Do I let him have it? I know many would say to just let it go and "move on" which is an option, but my fear is that ignoring the situation MORE, will just leave questions un-answered. SO, I have AT LEAST decided that the very next time he calls, I will AT LEAST let him know of my feelings, but the question remains of weather to express my true anger towards him. If I do this, I may get worked-up enough to REALLY tell him off and be done with the "friendship".

 

I am really on the fence here because if I remain "kind", I may be able to coax something out of him.

I really do want to explore something, outside of "friends" with this person, but after ALL THIS........I'm just mad.

 

So the question is weather to UNLEASH, VANISH or take a MIDDLE GROUND (which is what we have both been doing for months). BTW, I know the easiest thing to do would be to just go, "do you like me or what?"

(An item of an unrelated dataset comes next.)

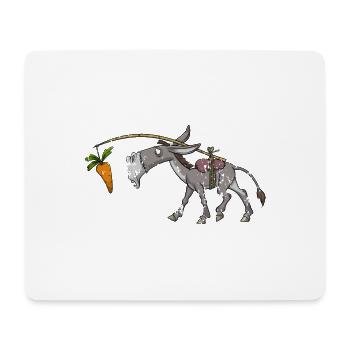 Retro vintage grunge style donkey carrot carrot - Mouse Pad (horizontal) - white - Front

Somehow, that just does not seem right at this stage.

 

Thank you for taking the time to read.

Posted

Take the high road. You generally feel better about yourself and the way you leave things when you take the high road.

 

Accept that this isn't going anywhere - how can it with a guy who can't even work up enough nerve to speak a few words, regardless of what those words are? There's no need to devote more time to the chase. No need to unleash, either. Pity him for being another broken human among many.

Posted

hun, really if this guy hasnt made the move on you yet and is just giving off mixed signals, dont waste anymore of your time. if he cant even get up enough courage to tell you how hes feeling and leave you hanging like that without any phone calls then just leave him be. i know the anger is building up, trust me i know, but sometimes you have to sit back and say is it really worth it. then again you dont want to get mad and say something bad and ruin any chance, if there is one. if he is a real man he will call. so NO dont UNLEASH, dont vanish - hold your head high and go about like nothings wrong, it'll kill him, dont let him think he got to you. so yes basically stay middle ground, he needs to man up and talk to you. im going through almost a similiar situation, not totally similiar but similiar in the man just being a complete coward. good luck.